• **PROBLEM REQUIREMENTS**: Copy exactly, and copy nothing else: the line that contains "Posavasos navideño trineo" and all lines after it in the listing, without pictures.

• **PROVIDED MATERIAL**:
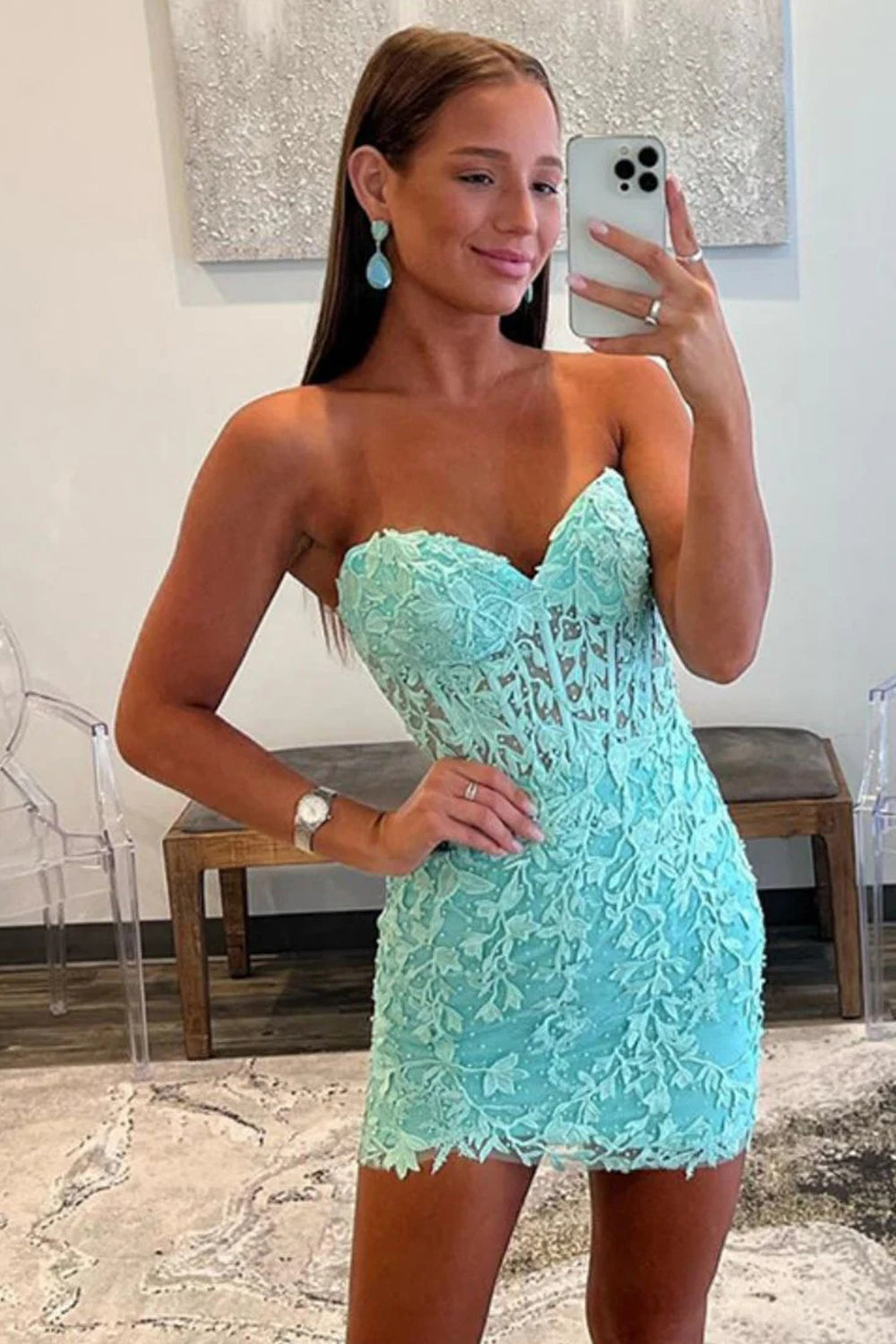 Mint Lace Sweetheart Tight Short Homecoming Dress/Mini Dress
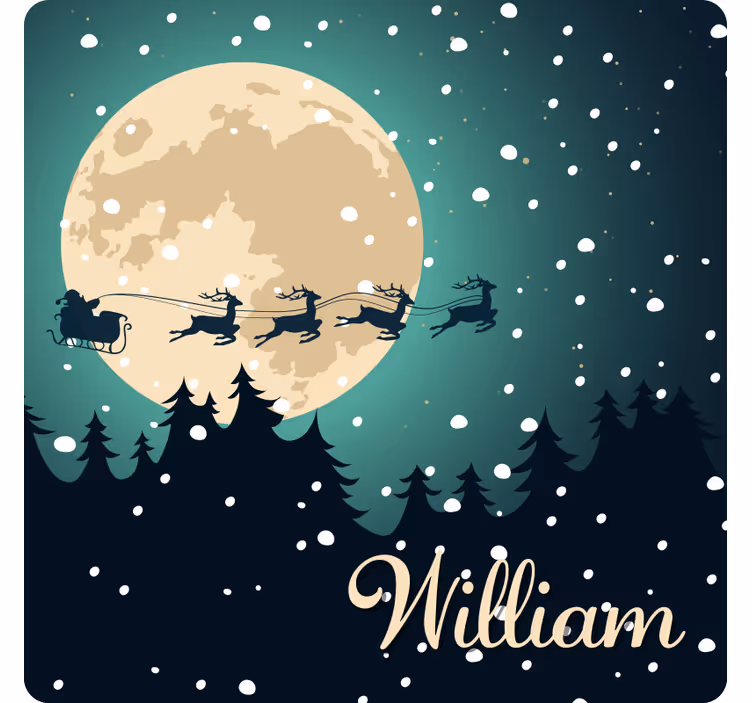 Posavasos navideño trineo de papá noel a la luz de la luna - TenVinilo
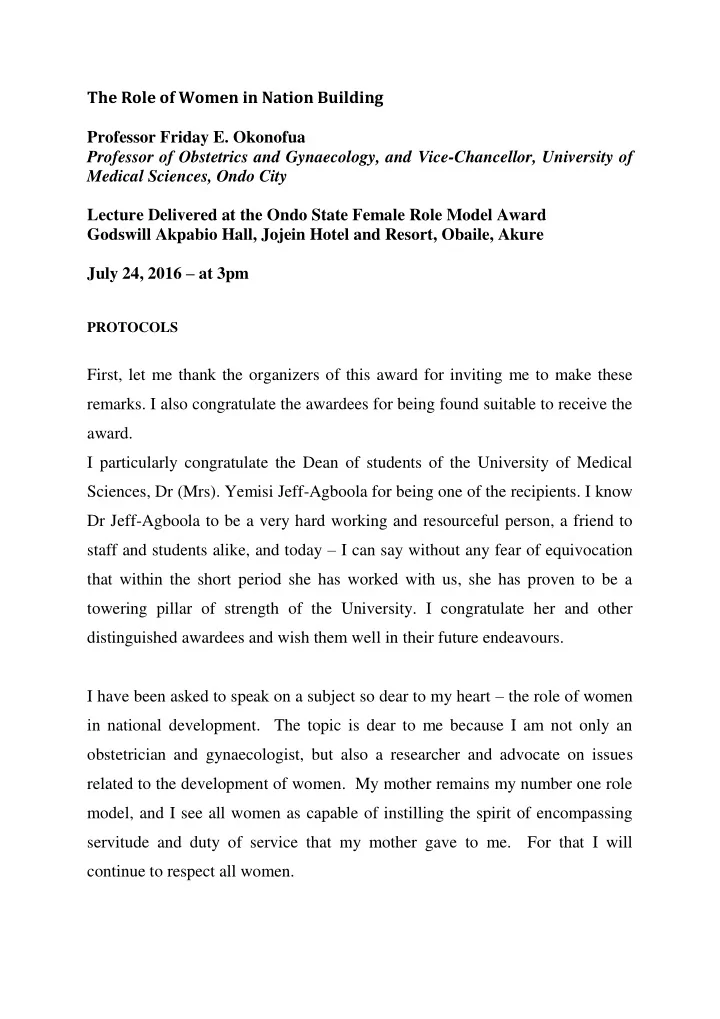 the role of women in nation building professor friday e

• **RESPONSE TO THE TASK**:
 Posavasos navideño trineo de papá noel a la luz de la luna - TenVinilo
 the role of women in nation building professor friday e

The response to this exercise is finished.